Die vorliegende Arbeit leistet einen Beitrag zu Umweltsoziologie und Wissenschaftssoziologie. Der erste Teil präsentiert einen neuen Forschungsansatz, um die Rolle von Forschung, Technologie und Innovation (engl. STI) für eine nachhaltige Entwicklung empirisch zu untersuchen. Im Zentrum dieser Analyse steht der Begriff der STI-Kapazität. Der zweite Teil untersucht internationale Kooperation in Umweltwissenschaften. Einen Schwerpunkt bildet der Vergleich des Internationalen Geosphären-Biosphären Programms (IGBP) und des Internationalen Hydrologischen Programms (IHP) der Unesco. Diese Fälle stehen exemplarisch für neue Organisationsformen zum Aufbau globalen Umweltwissens - im doppelten Sinn globaler Umweltbeobachtung und einer weltweiten Wissensverbreitung. Derartige Kooperationsprogramme sind aus institutionalistischer Sicht jedoch bislang kaum erforscht.

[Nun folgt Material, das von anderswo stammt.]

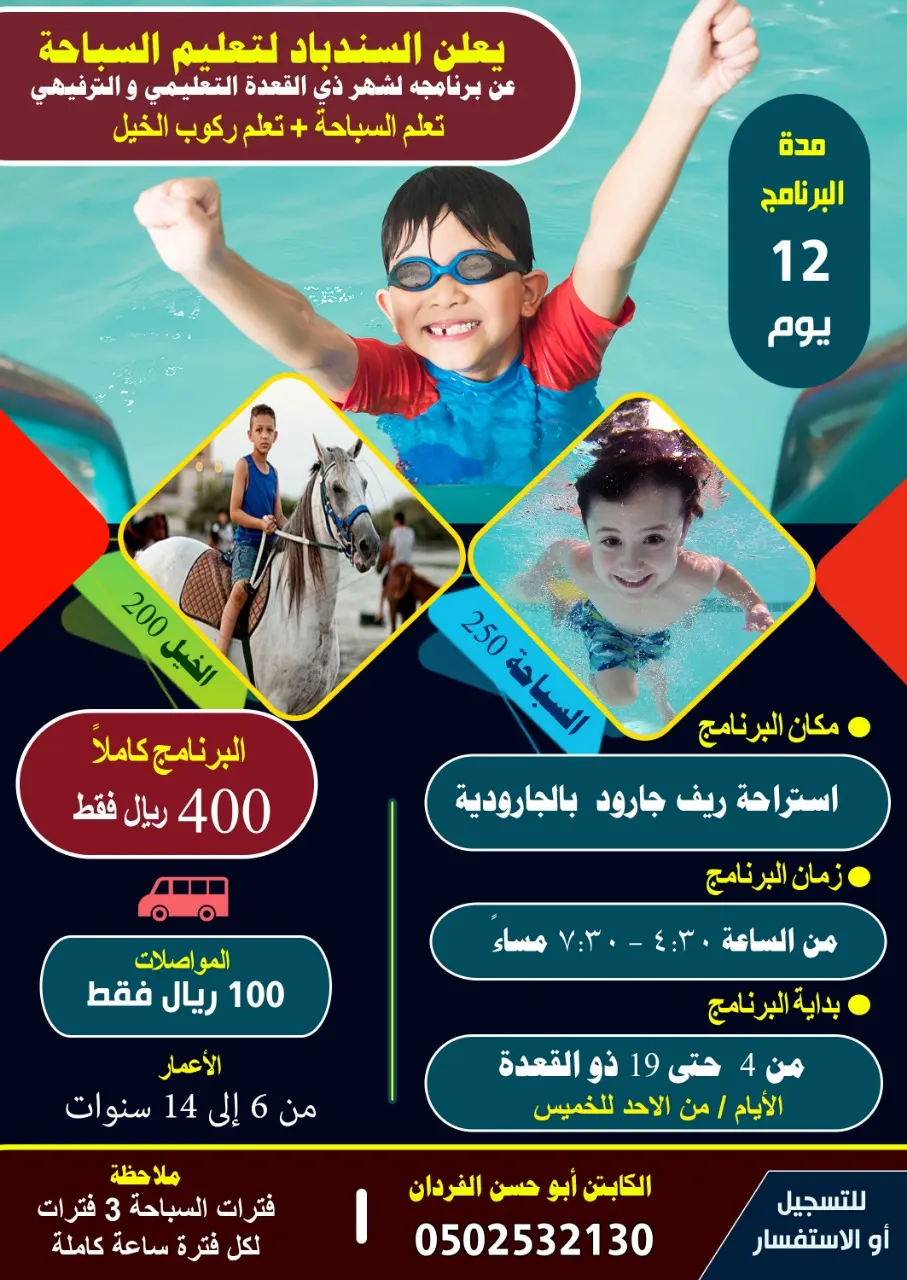 بدء التسجيل في برنامج السندباد الصيفي لتعليم السباحة وركوب الخيل لشهر ذي القعدة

Der Begriff der STI-Kapazität bezieht sich auf das Umweltpolitik-Modell von M. Jänicke. Diesem Modell zufolge umfasst umweltpolitische Kapazität die längerfristigen, strukturellen Bedingungen politischer Handlungsfähigkeit in Abgrenzung von kurzfristigen, situativen Handlungsbedingungen der Tagespolitik. Jänicke geht davon aus, dass moderne Gesellschaften ein großes Potenzial zur Steigerung ihrer umweltbezogenen Problemlösefähigkeit besitzen, auch wenn diese Fähigkeiten bislang nicht ausreichen, um zentrale Umweltprobleme dauerhaft zu lösen. Die Kapazitätsentwicklung stellt somit eine strategische Aufgabe der Umweltpolitik dar. Während Jänicke den Kapazitätsbegriff auf das politische System anwendet, geht es in der vorliegenden Arbeit um das Wissenschaftssystem und um die Innovationsfähigkeit in Wirtschaft und Gesellschaft. STI-Kapazität ist die Fähigkeit einer Gesellschaft, Wissen und technologische Neuerungen zu schaffen und anzuwenden. Der Kapazitätsaufbau ist Teil eines umfassenden gesellschaftlichen Wandels angesichts begrenzter ökologischer Lebensgrundlagen.

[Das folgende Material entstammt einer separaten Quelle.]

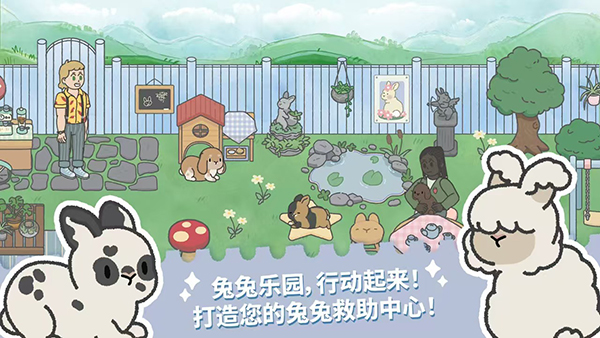 兔兔乐园(Bunny Haven)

Im ersten Kapitel wird der Begriff der STI-Kapazität inhaltlich präzisiert. Dabei wird die These vertreten, dass sich die langfristigen Herausforderungen für Forschung und Innovation in vier große Handlungsfelder einteilen lassen: (1.) die ökologische Modernisierung und Transformation von Industrie- und Dienstleistungssektoren, (2.) das Management von Ökosystemen und Ökosystemdiensten, (3.) die Analyse und Bewertung von Umweltrisiken, und (4.) die Anpassung der Gesellschaft an irreversible Umweltveränderungen. Diese Taxonomie dient als Gliederung für einen Literaturüberblick, der bislang getrennte Forschungsansätze verbindet und dadurch aufzeigt, wie das Forschungsgebiet einer umweltsoziologischen STI-Forschung aussehen könnte. Im Anschluss daran untersucht das zweite Kapitel die methodische Operationalisierung des Kapazitätsbegriffs.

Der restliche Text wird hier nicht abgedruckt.